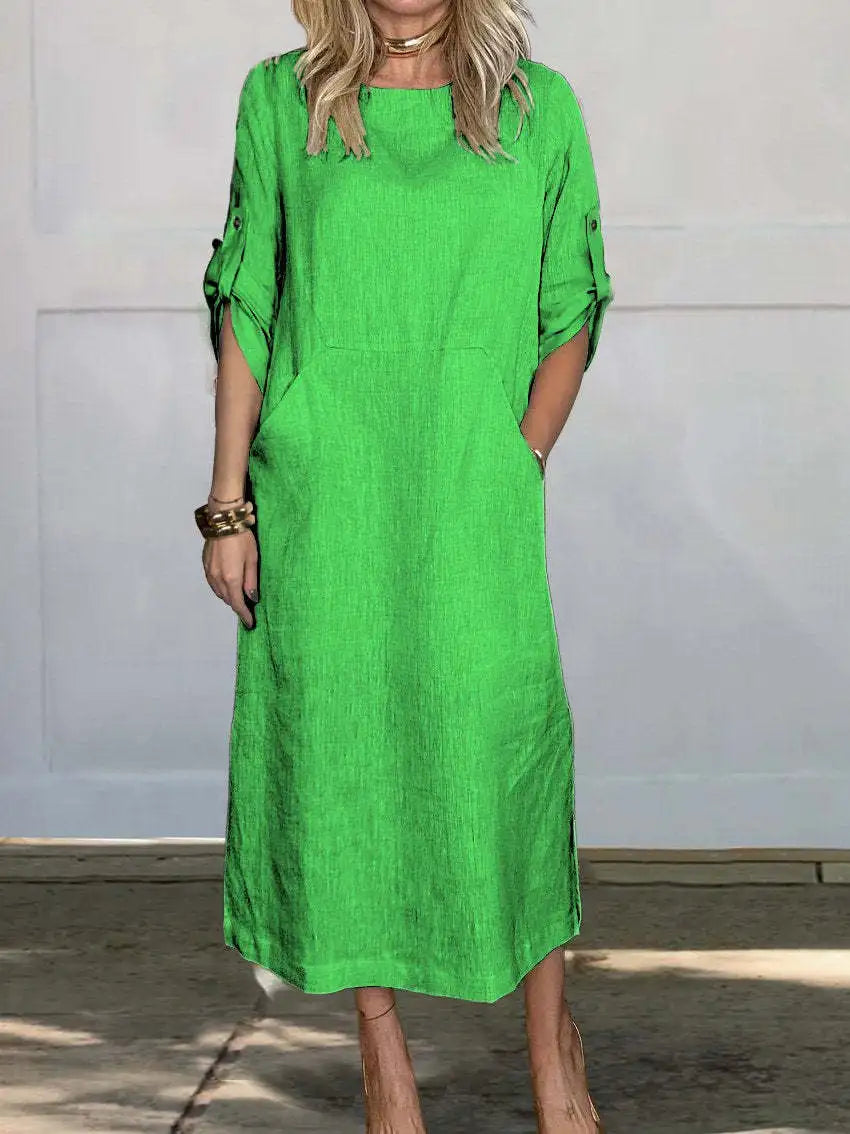 Levoire | Robe en lin confortable avec poche Vert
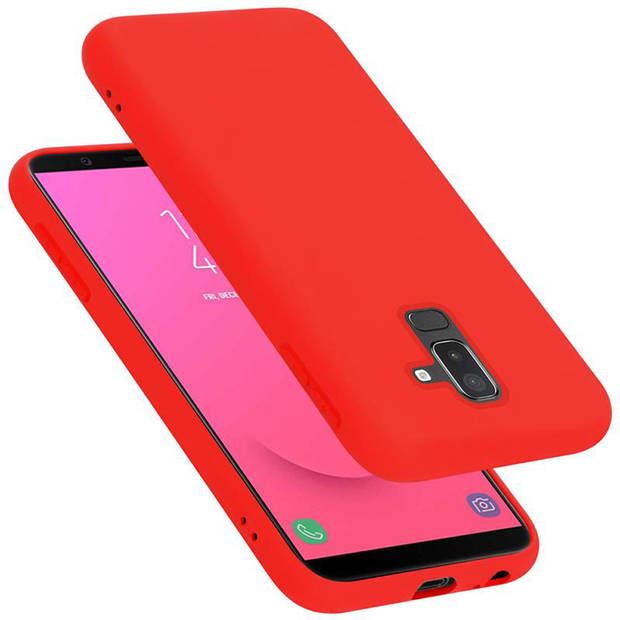 Cadorabo Hoesje geschikt voor Samsung Galaxy A6 PLUS 2018 Case in LIQUID ROOD - Beschermhoes TPU silicone Cover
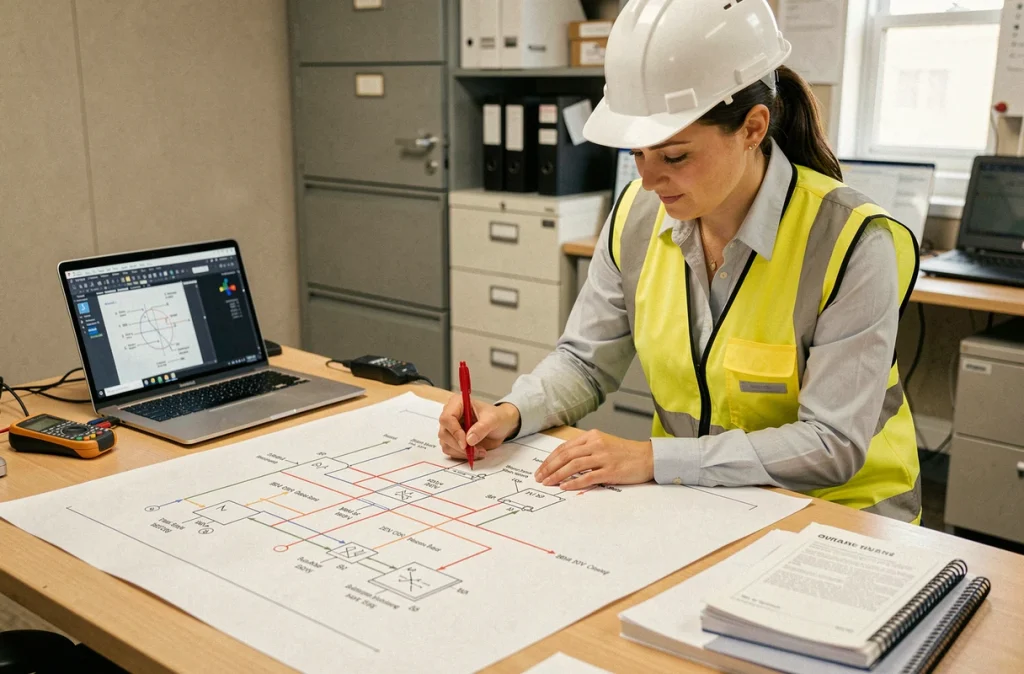 Ingénieure électricienne annotant un schéma de conversion 380V en 220V sur table de travail technique avec multimètre et logiciel CAO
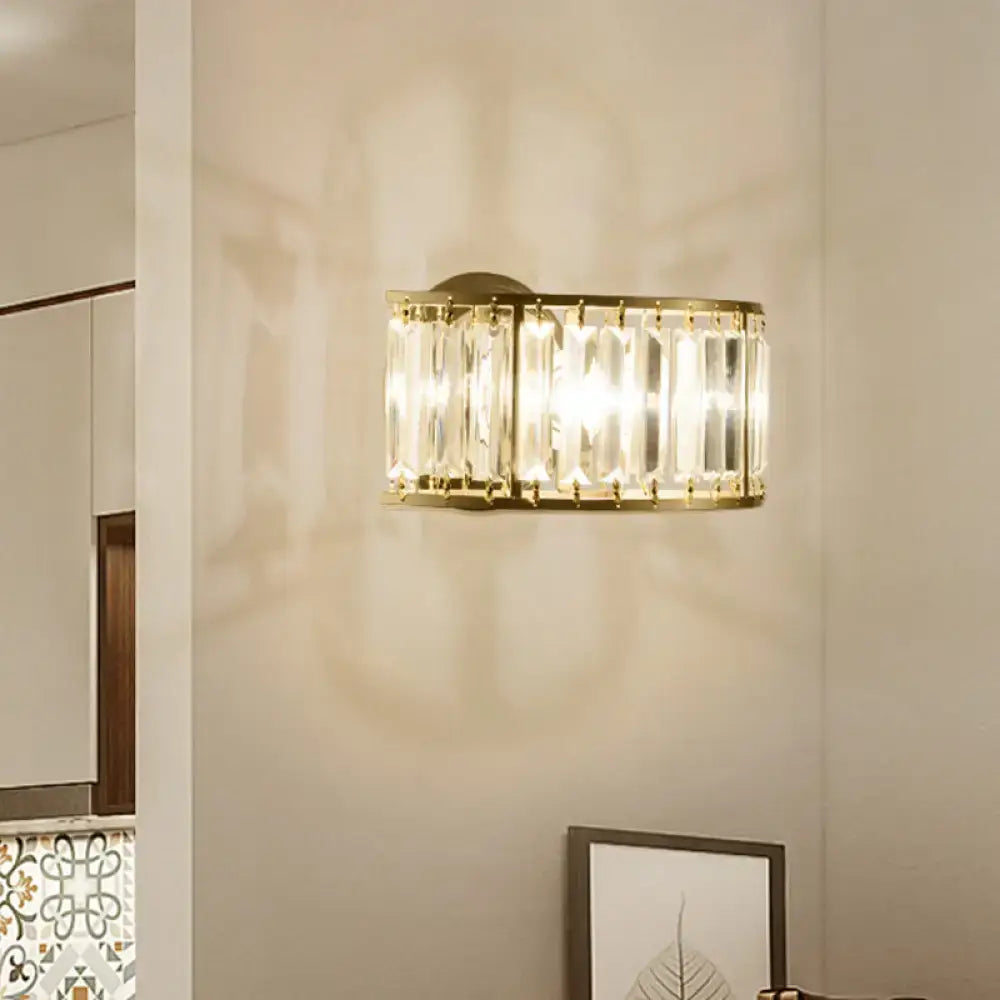 Modern black & gold crystal half cylinder wall sconce bedroom light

**Directions for this task**
Reproduce the lines above letter for letter. The pictures stay behind.

**Response**
 Levoire | Robe en lin confortable avec poche Vert
 Cadorabo Hoesje geschikt voor Samsung Galaxy A6 PLUS 2018 Case in LIQUID ROOD - Beschermhoes TPU silicone Cover
 Ingénieure électricienne annotant un schéma de conversion 380V en 220V sur table de travail technique avec multimètre et logiciel CAO
 Modern black & gold crystal half cylinder wall sconce bedroom light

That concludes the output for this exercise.